The nullspace of \(T\text{,}\) is the set of solutions to the homogeneous linear system \(Ax=0.\) You may recall that a standard method to deduce the solutions is to put the matrix \(A\) in reduced row-echelon form. That means that all rows of zeros are at the bottom, the leading nonzero entry of each row is a one, and in every column containing a leading 1, all other entries are zero. These leading ones play several roles.

Subsection 4.2.4 Elementary Row and Column operations

The following are a series of facts about elementary row and column operations on an \(m\times n\) matrix \(A\text{.}\)
  • The matrix \(A\) is put in reduced row echelon form by a sequence of elementary row operations.
  • Each elementary row operation can be achieved by left multiplication of \(A\) (\(A\mapsto EA\)) by an \(m\times m\) elementary matrix.
  • Each elementary column operation can be achieved by right multiplication of \(A\) (\(A\mapsto AE\)) by an \(n\times n\) elementary matrix.
  • Every elementary matrix is invertible and its inverse in again an elementary matrix of the same type.

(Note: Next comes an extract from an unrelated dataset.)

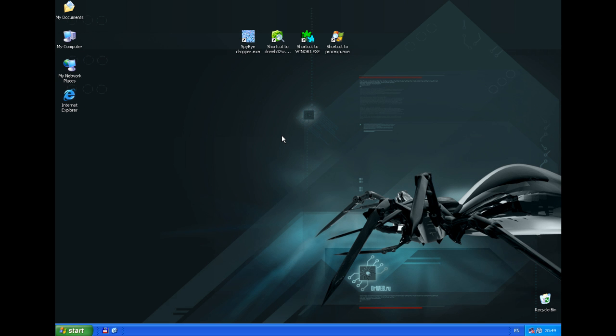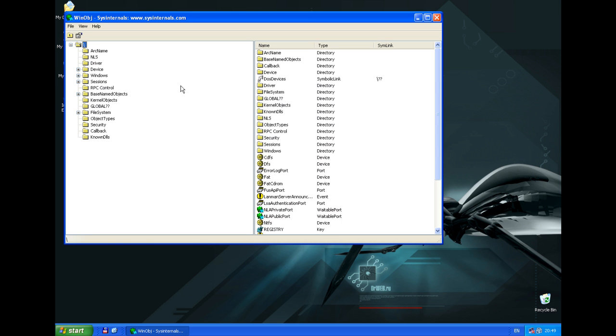In this video we will demonstrate DrWebScaner capabilities of curing a widespread banking trojan called SpyEye. We can use WinOpt utility to detect if the operating system is infected.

  • The rank of an \(m\times n\) matrix is unchanged by elementary row or column operations, that is \(\rank(EA) = \rank(A)\) and \(\rank(AE)=\rank(A)\) for appropriately sized elementary matrices \(E.\)
Every invertible matrix is a product of elementary matrices, and this leads to the

Exercises Exercises

1.
Let \(A\) be an \(m\times n\) matrix and \(E\) an elementary matrix of the appropriate size.

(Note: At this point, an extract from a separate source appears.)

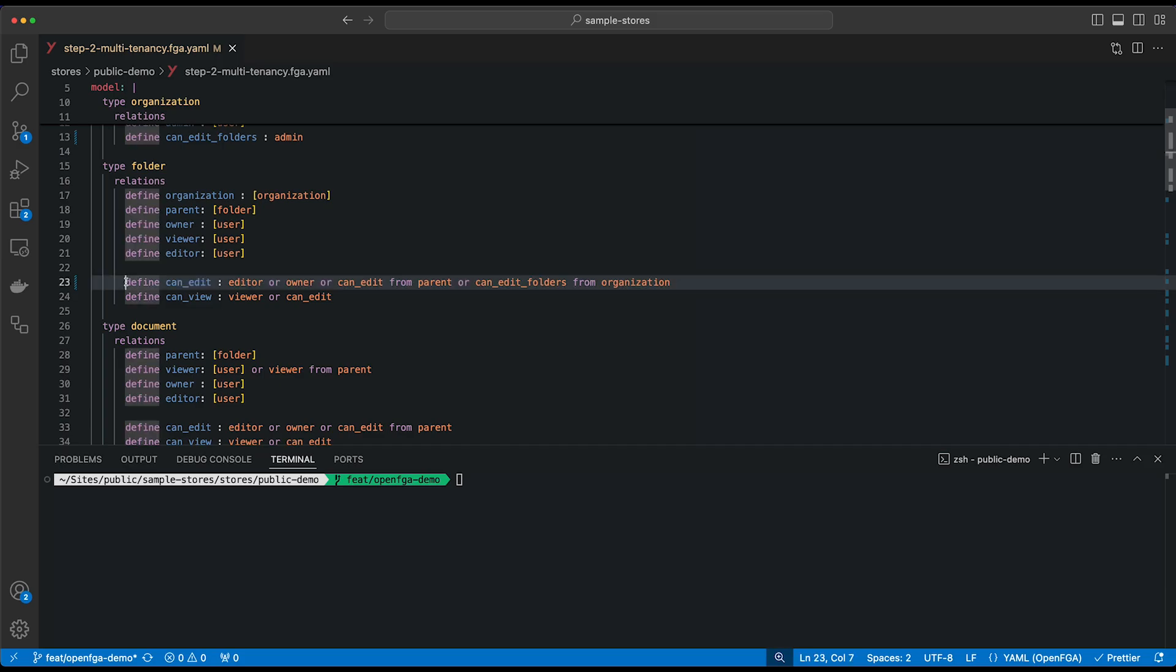But still, anybody that's an editor, anybody that's an owner, or any user that has the canEdit permission from a parent folder should be able to edit this folder and all its content. But anybody that has the canEditFolders relation from an organization, the organization that is related to this folder, should also be able to edit the folder and its contents.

  • Are the row spaces of \(A\) and \(EA\) the same?
  • Are the column spaces of \(A\) and \(AE\) the same?
  • If \(R\) is the reduced row-echelon form of \(A\text{,}\) are the nonzero rows of \(R\) a basis for the row space of \(A\text{?}\)

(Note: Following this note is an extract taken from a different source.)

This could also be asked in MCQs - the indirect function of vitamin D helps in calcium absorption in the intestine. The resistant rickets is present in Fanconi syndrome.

  • If \(R\) is the reduced row-echelon form of \(A\text{,}\) is the column space of \(R\) the same as the column space of \(A\text{?}\)
Answer.
yes; yes; yes (why?); no; If \(A=\begin{bmatrix} 1\amp 1\\1\amp 1 \end{bmatrix}\text{,}\) then \(R=\begin{bmatrix}1\amp1\\0\amp0 \end{bmatrix}\text{,}\) and
\begin{equation*} \Span(\begin{bmatrix}1\\1\end{bmatrix}) \ne \Span(\begin{bmatrix}1\\0\end{bmatrix}) \end{equation*}
2.
Given an \(m\times n\) matrix \(A,\) show that there exist (appropriately sized) elementary matrices \(U,V\) so that \(UAV\) has the form
\begin{equation*} UAV = \begin{bmatrix} I_r\amp \mathbf 0\\ \mathbf 0\amp\mathbf 0 \end{bmatrix}. \end{equation*}
where \(I_r\) is an \(r\times r\) identity matrix with \(r = \rank(A)\text{,}\) and the other entries are all zeros.